From the point of making the decision to leave not only my job, but my entire line of work - until the day I actually started my new job equaled 12 days exactly. They were the 12 most grueling days I think I've ever lived, and I've had some pretty rough times. That idle time made a mess of me. I stressed so much over my decision during that time. It really wore me down. I just wanted to jump to my first day so I could stop stirring over my decision...put some actual logic behind my emotions. I didn't even care if it was right or wrong actually - I just wanted feelings that were based on something real and not just thoughts. I was driving myself mad.
I sat in my living room on the eve of my first day and realized I felt nothing. All of the typical emotions you might feel under those circumstances: excitement, nervousness, anticipation, fear...very normal emotions...I felt none of those things. I only felt relieved that the crazy mess of a person I had become would finally move in one direction or another.
The morning arrived - I was starting a new job and I was a mess. I wasn't even nervous about the job, about my first day...I was just nervous that I "wasn't myself" - although I wasn't sure what "myself" felt like anymore. It wasn't a very good feeling to have on that day, a day I needed to be on my game.
My work has dominated my life. It was the biggest piece of me - the piece that really made me me...and then it was gone. I worked all.the.time. On paper, I worked 8:15-2:45pm. Most days, I would get home between 4pm-5pm. I would have supper and I would continue to work in the evenings. I was always trying to find new research, new methods, new resources, constantly communicating, brainstorming, stressing, convincing myself there is an answer, putting things together and squeezing in whatever I missed during the day. I could have worked 24/7 and still found more to do. I would do this until 9pm-10pm. Anything I was involved in (Girl Guides, Library events) really got the short end of the stick. I don't think people realized how much I lived and breathed my work. I loved it, I loved every minute of it -I thrived on knowing I was doing something good, that I was successful. My job was my life. Everything else got half fast parts of me. Friends, family, hobbies - if you can call them that. Work was my hobby. I tried different things, but I never committed because I would always make an excuse and stay home.

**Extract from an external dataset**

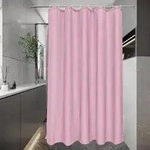 Duschvorhang 120x200 Wasserdicht Rosa Rosa H200 x B120 cm 1er Pack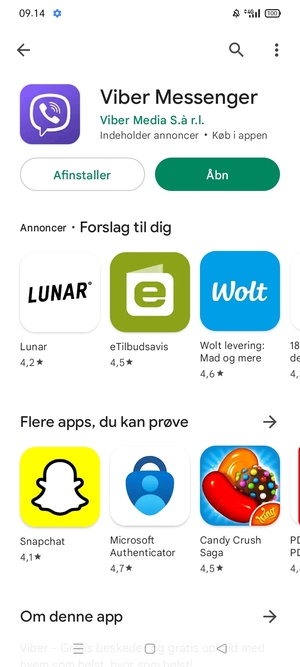 Vælg Åbn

I need to be better at being more than work and doing things for me, that is something I hope to do with this job. But at that moment when I was lying wide awake in my bed realizing all that was gone, I panicked. I knew that person, I knew her very well. I knew the routine, the expectations, the abilities, the goals. I woke up - brand new 30 year old me and I was supposed to be this whole new person. I was supposed to feel amazing. I might be - someday. But I really needed that on that day, and not only did I not have it - but I didn't even recognize myself.
My career is gone and I'm not sure who I am without it. I'm not sure to expect from here on out, who I could be or if I will even enjoy this person. There was just too much unknown during that time. I'm not big on the unknown...anytime.

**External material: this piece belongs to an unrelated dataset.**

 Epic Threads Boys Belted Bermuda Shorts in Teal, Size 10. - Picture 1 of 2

The next 2.5 weeks flew by. Ya know, I really enjoy this thing they call the insurance business lol. I'm busy learning and being challenged all day and studying for my insurance broker exam in the evenings, which I am so nervous about. In terms of the content of my job, I love it. However, it has been difficult for me.
I worked in my previous field for over a decade. Even starting out in that field, I had worked with children and youth before as well as earned some education and knowledge to help me out. A lot of my work came naturally to me, but I also worked hard and excelled at any job I took on. I was a go to person in many of my positions. Most of the time, I don't feel very successful in life - except when it comes to work. I was very confident and successful at work. It was the one area where I felt I was doing something right. It was nice to have that. Maybe that's why I gave so much of myself to work. Now, suddenly - that is gone. I go to work and feel completely lost. I worry that I'm not catching on quick enough, that I'm not going to get it, that I'm going to fail this exam, that I've made such a big decision, such a big move and I will not find success again. I go home where I can't seem to find success either - not enough time, not enough money, not enough me. I have been really frustrated with myself. However, as I write and realize it has only been 2.5 weeks...I also realize I'm probably being too hard on myself.
It HAS only been 2.5 weeks...I need to accept that I can't just be good at everything. It will take time and a lot of hard work, but I CAN find success. I'm going to be a kick ass Insurance Broker - someday. Probably many, many somedays from now. But...someday lol.